Já Enel (MI:ENEI) e Energisa (SA:ENGI4) devem ter redução de 10,2%, enquanto Copel (SA:CPLE6) e Celesc (SA:CLSC4) seriam as menos impactadas, com recuos de 7,1% e 5,6%.
Em 2021, CPFL (SA:CPFE3) e Equatorial (SA:EQTL3) sofreriam os efeitos mais significativos, mas com redução menor da geração de caixa, da ordem de 8%.
A Fitch apontou ainda que Energisa e Light devem sofrer a maior pressão sobre o nível de alavancagem em 2020 e 2021, o que pode pressionar os ratings das empresas, já revisados de "estável" para "negativo" depois da pandemia.
"No momento, os 'ratings' mais pressionados de nossa carteira são Energisa e Light... a EDP também estaria com rating pressionado... diria que, em um cenário estressado, esses três ratings devem ser os mais pressionados", apontou Storino, ao responder pergunta de um analista.
REEQUILÍBRIO
Segundo a análise da Fitch, uma eventual decisão da Agência Nacional de Energia Elétrica (Aneel) de avaliar um reequilíbrio dos contratos das distribuidoras, que poderia implicar em aumento de tarifas, poderia evitar bilhões em perdas adicionais para as empresas.

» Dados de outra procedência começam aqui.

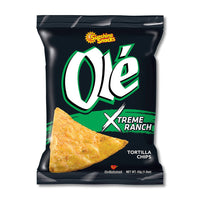 Sunshine Snacks Ole, (3 Pack)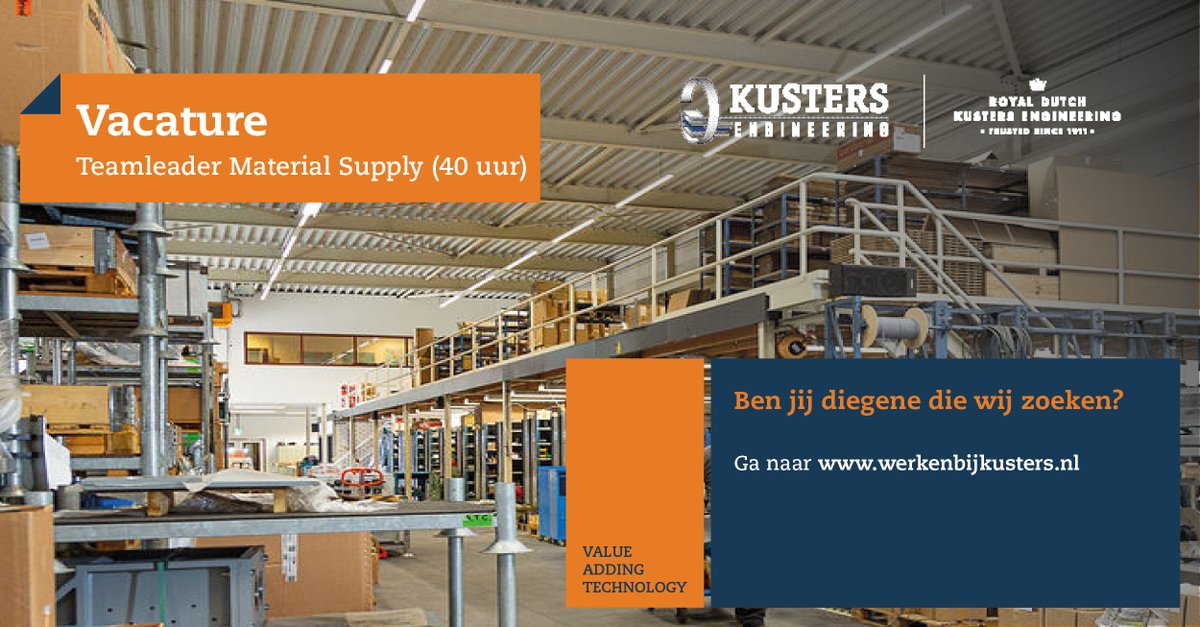 Royal Dutch Kusters tweet media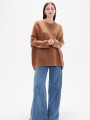 Sweater Gralvos Tostado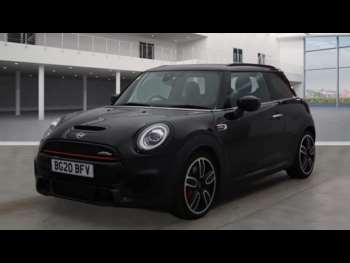 Used MINI Hatch 2020 for sale - 75099538: Photo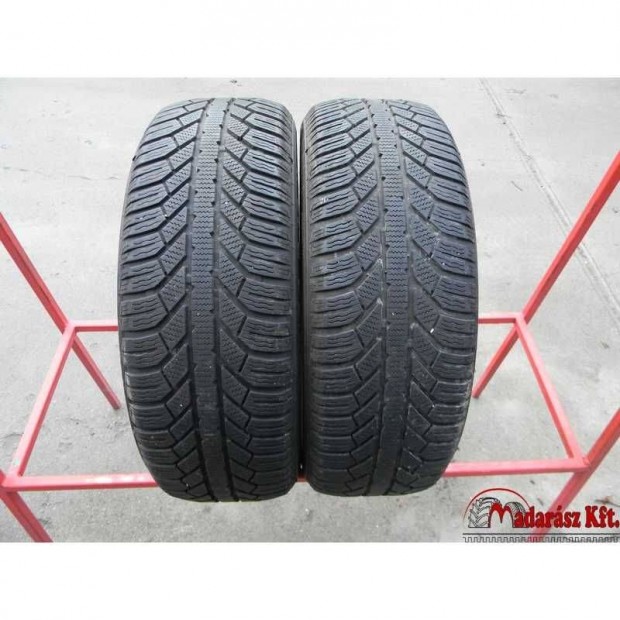Semperit 205/60R16 Master-Grip 2 használt téli abroncs H92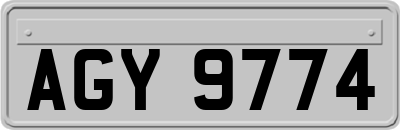 AGY9774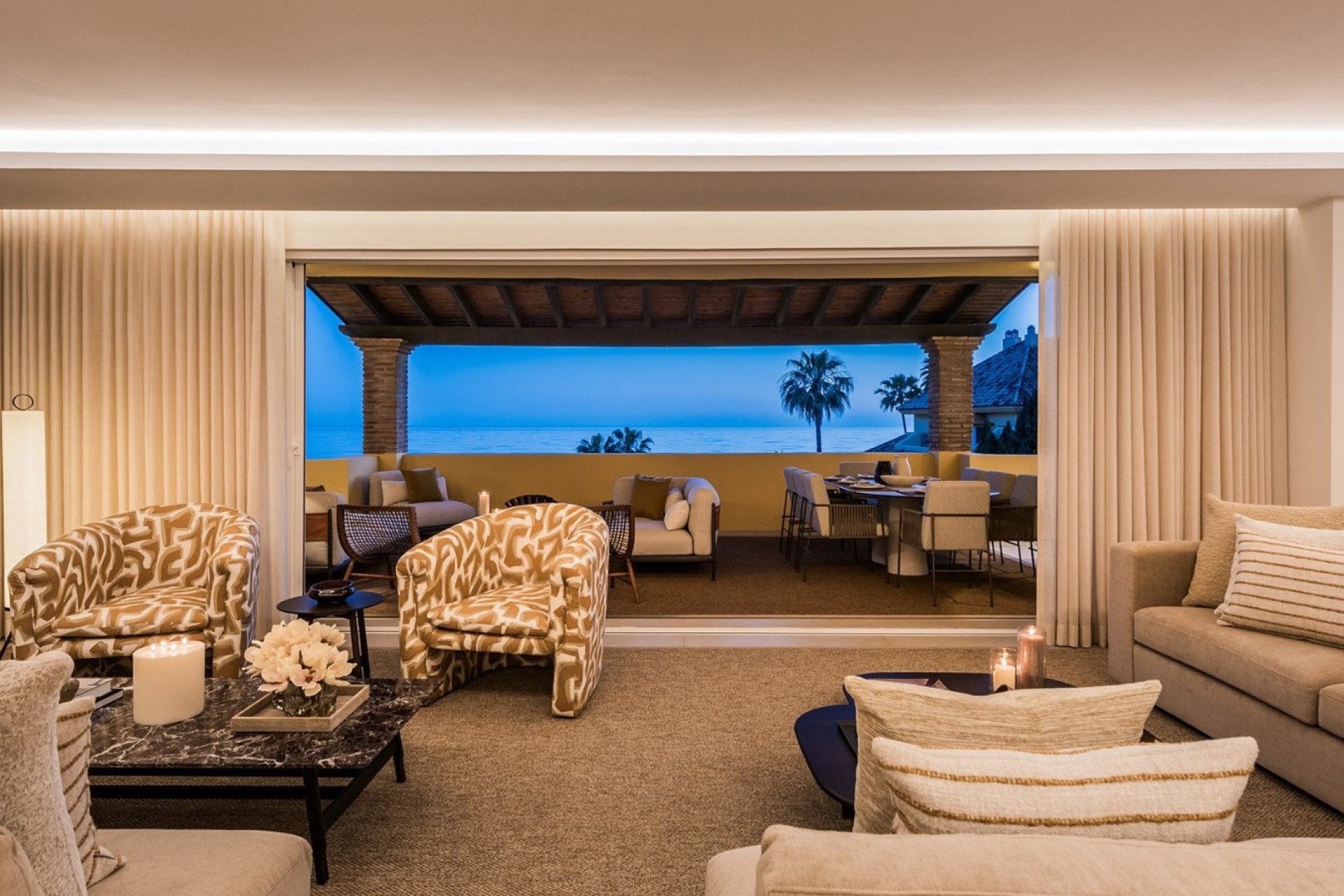 Reventa - apartment -
Marbella - East Marbella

As distribuidoras de energia pediram à agência que antecipasse essa análise, que leva em conta efeitos de médio prazo da pandemia sobre as empresas, ou permitisse a elas contabilizar em balanço ativos regulatórios referentes a direitos de revisão tarifária futura, mas o pleito foi negado.
O reequilíbrio evitaria "perda adicional de 9,7 bilhões de reais no Ebitda até 2021" para as elétricas, projetou a Fitch.